UNITED STATES

SECURITIES AND EXCHANGE COMMISSION

Washington, D.C. 20549

 

FORM 8-K

 

CURRENT REPORT

Pursuant to Section 13 or 15(d) of the Securities Exchange Act of 1934

 

Date of Report (Date of earliest event reported): September 12, 2014

 

Commission file number: 001-13337

 

STONERIDGE, INC.

(Exact name of registrant as specified in its charter)

 

Ohio   34-1598949
(State or other jurisdiction of   (I.R.S. Employer
incorporation or organization)   Identification No.)

 

9400 East Market Street, Warren, Ohio   44484
(Address of principal executive offices)   (Zip Code)

 

(330) 856-2443
Registrant’s telephone number, including area code

 

Check the appropriate box below if the Form 8-K filing is intended to simultaneously satisfy the filing obligation of the registrant under any of the following provisions (see General Instruction A.2. below):

 

oWritten communications pursuant to Rule 425 under the Securities Act (17 CFR 230.425)

 

oSoliciting material pursuant to Rule 14a-12 under the Exchange Act (17 CFR 240.14a-12)

 

oPre-commencement communications pursuant to Rule 14d-2(b) under the Exchange Act (17 CFR 240.14d-2(b))

 

oPre-commencement communications pursuant to Rule 13e-4(c) under the Exchange Act (17 CFR 240.13e-4(c))

 

 
 

 

ITEM 1.01Entry into a Material Definitive Agreement.

 

ITEM 2.03Creation of a Direct Financial Obligation or an Obligation under an Off-Balance Sheet Arrangement of a Registrant.

 

On September 12, 2014, Stoneridge, Inc. (the “Company”) entered into a Third Amended and Restated Credit Agreement (the “Amended Agreement”) by and among the Company and certain of its subsidiaries as Borrowers; PNC Bank, National Association, as Agent, an Issuer and Lead Arranger; and PNC Bank, National Association, JPMorgan Chase Bank, N.A., Compass Bank, Citizens Bank, National Association, The Huntington National Bank, U.S. Bank National Association, BMO Harris Bank, N.A., First Niagara Bank, N.A. and First Commonwealth Bank, as lenders.

 

The Amended Agreement provides for a $300.0 million revolving credit facility, which replaces the Company’s existing $100.0 million asset-based credit facility, and includes a letter of credit subfacility, swing line subfacility and multicurrency subfacility. The new revolving credit facility also has an accordion feature which allows the Company to increase the availability by up to $80.0 million upon the satisfaction of certain conditions.

  

The Amended Agreement has a termination date of September 12, 2019. Borrowings under the Amended Agreement will bear interest at either the Base Rate or the LIBOR Rate, at the Company’s option, plus the applicable margin as set forth in the Amended Agreement.

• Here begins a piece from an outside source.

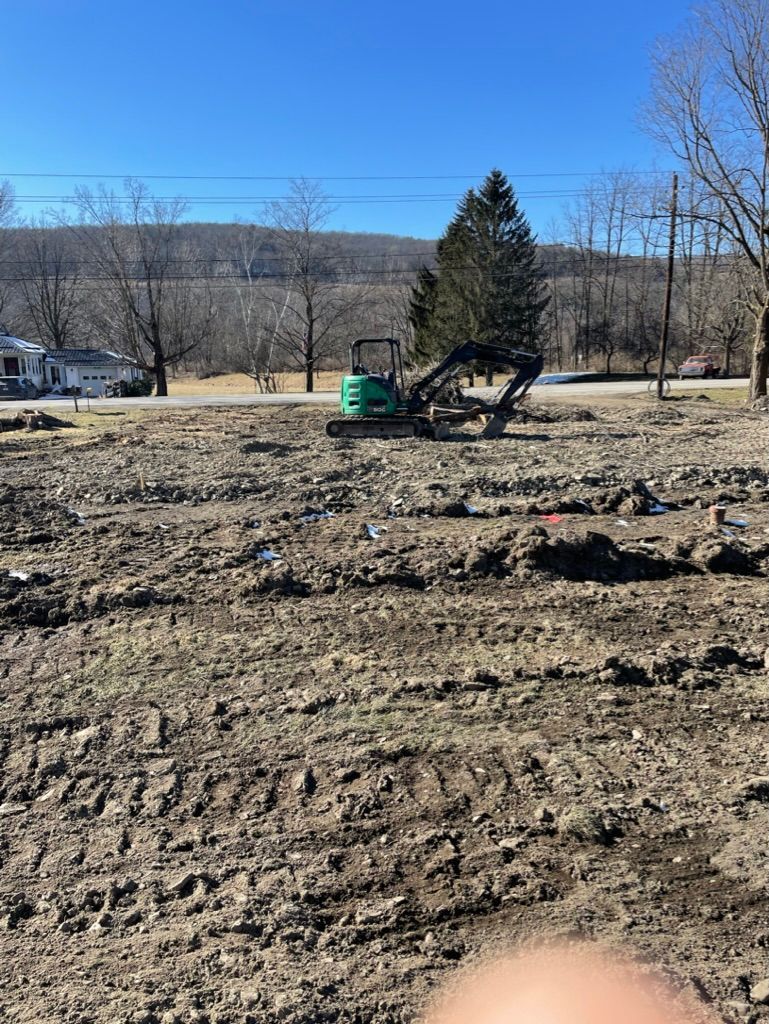 Excavator grading a muddy lot beside a road with trees and hills in the background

The Amended Agreement contains certain financial covenants that require the Company to maintain less than a maximum leverage ratio and more than a minimum interest coverage ratio. The Amended Agreement also contains affirmative and negative covenants and events of default that are customary for credit arrangements of this type including covenants which place restrictions and/or limitations on the Company’s ability to borrow money, make capital expenditures and pay dividends.

 

On October 15, 2014, the Company intends to redeem all of its outstanding 9.5% senior secured notes (“the Notes”) with a face value of $157.5 million by borrowing under the revolving credit facility as well as using available cash. As a result of the Note redemption, the Company expects initial borrowings under the new facility to be approximately $110.0 million. In addition, the Company will borrow under the revolving credit facility for working capital and general corporate purposes including funding investments in strategic growth initiatives.

 

The foregoing description of the Amended Agreement does not purport to be complete and is qualified in its entirety to the full text of the Amended Agreement attached to this Form 8-K as Exhibit 10.1 and incorporated herein by reference. The Company issued a press release announcing the Company’s entrance into the Amended Agreement which is attached as Exhibit 99.1 and incorporated herein by reference.

 

ITEM 8.01Other Events.

 

On September 15, 2014, the Company instructed the Notes Trustee to issue a Notice of Redemption to redeem all outstanding Notes with a face value of $157.5 million at 104.75% of the principal amount plus accrued and unpaid interest. The Notes redemption is expected to occur in mid-October 2014.

 

ITEM 9.01Financial Statements and Exhibits.

 

(c)           Exhibits

 

Exhibit No.   Description
     
10.1   Third Amended and Restated Credit Agreement dated September 12, 2014.
     
99.1   Press release dated September 15, 2014 announcing the entry into the Third Amended and Restated Credit Agreement.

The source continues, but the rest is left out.